» Instructions to follow: Skip all pictures; return exactly the lines from the one containing "Welcome to Getting" through the end of the data.

» Dataset entries:
====================
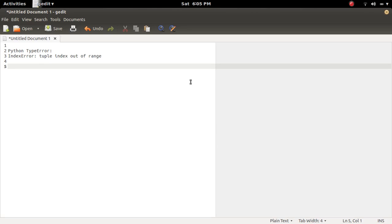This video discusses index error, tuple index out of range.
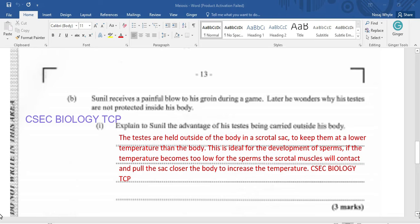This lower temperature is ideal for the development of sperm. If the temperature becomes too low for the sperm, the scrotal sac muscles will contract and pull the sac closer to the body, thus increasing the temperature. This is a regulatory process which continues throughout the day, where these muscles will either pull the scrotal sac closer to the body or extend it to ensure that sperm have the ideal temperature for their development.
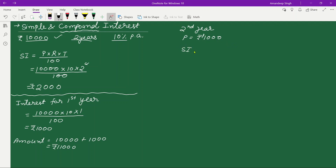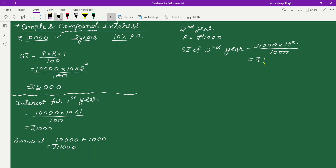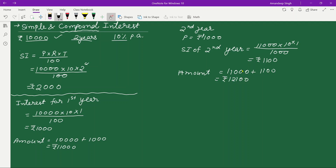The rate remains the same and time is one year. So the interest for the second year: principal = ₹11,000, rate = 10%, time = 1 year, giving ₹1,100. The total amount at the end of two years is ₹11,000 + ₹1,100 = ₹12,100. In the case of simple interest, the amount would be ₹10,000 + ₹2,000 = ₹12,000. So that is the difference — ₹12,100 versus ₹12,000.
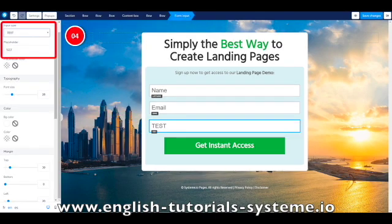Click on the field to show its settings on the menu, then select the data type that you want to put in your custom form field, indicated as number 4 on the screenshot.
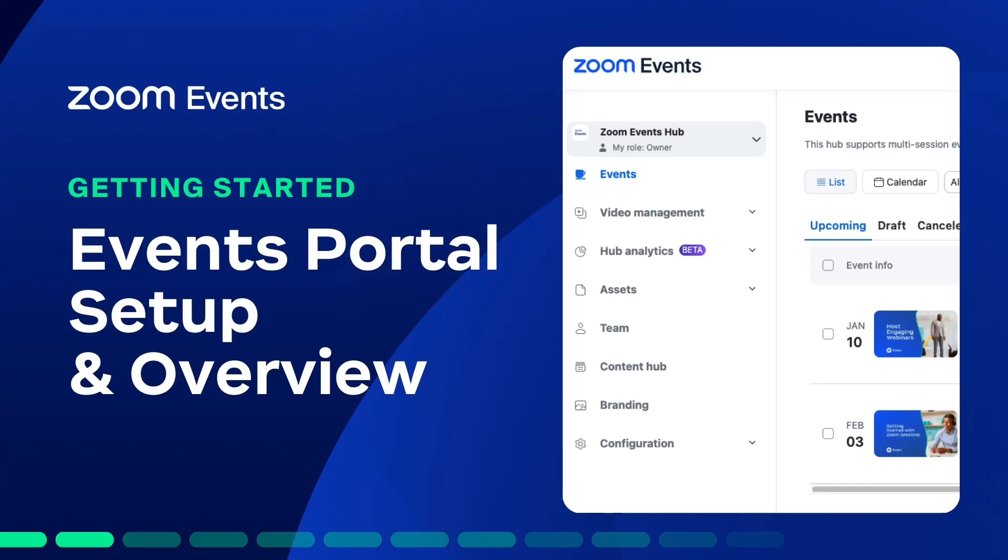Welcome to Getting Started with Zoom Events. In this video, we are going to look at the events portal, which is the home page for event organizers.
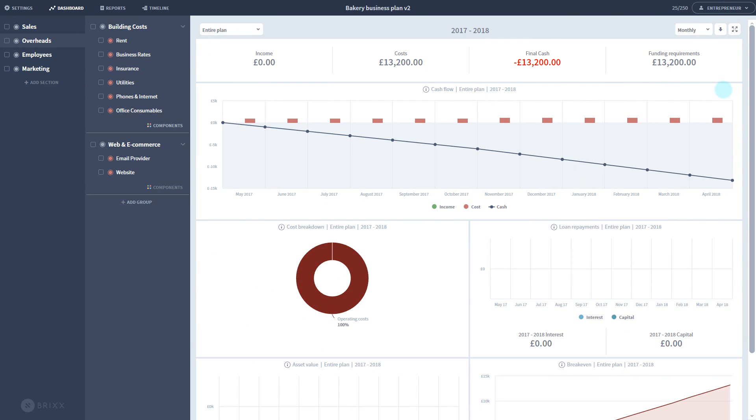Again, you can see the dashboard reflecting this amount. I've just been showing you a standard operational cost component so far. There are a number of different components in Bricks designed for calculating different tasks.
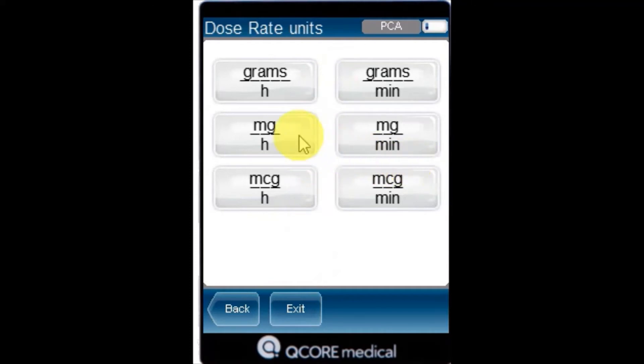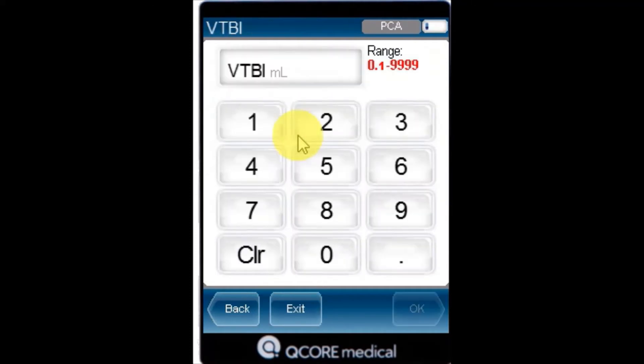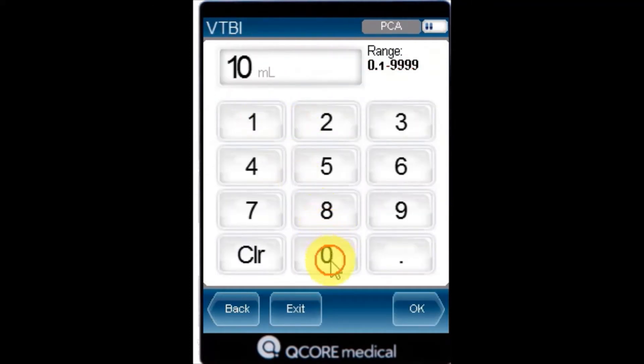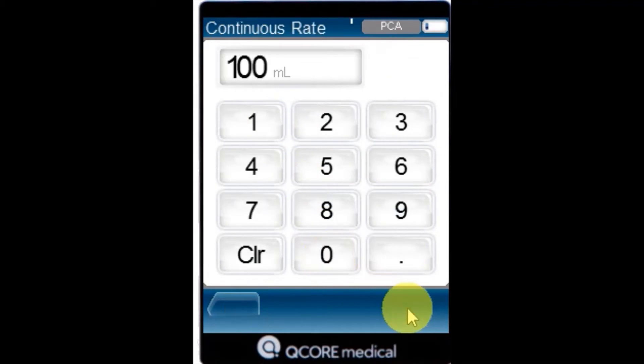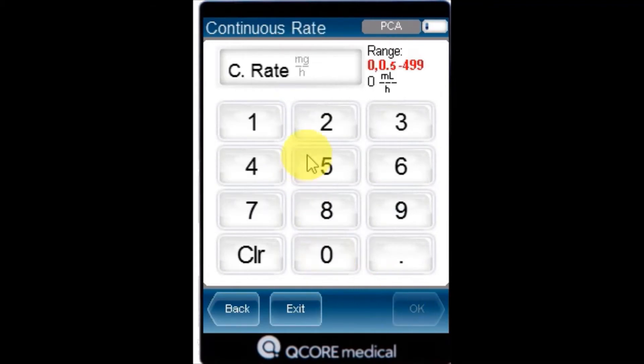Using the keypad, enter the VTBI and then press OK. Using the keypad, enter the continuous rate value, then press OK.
====================
» Response:
Welcome to Getting Started with Zoom Events. In this video, we are going to look at the events portal, which is the home page for event organizers.
Again, you can see the dashboard reflecting this amount. I've just been showing you a standard operational cost component so far. There are a number of different components in Bricks designed for calculating different tasks.
Using the keypad, enter the VTBI and then press OK. Using the keypad, enter the continuous rate value, then press OK.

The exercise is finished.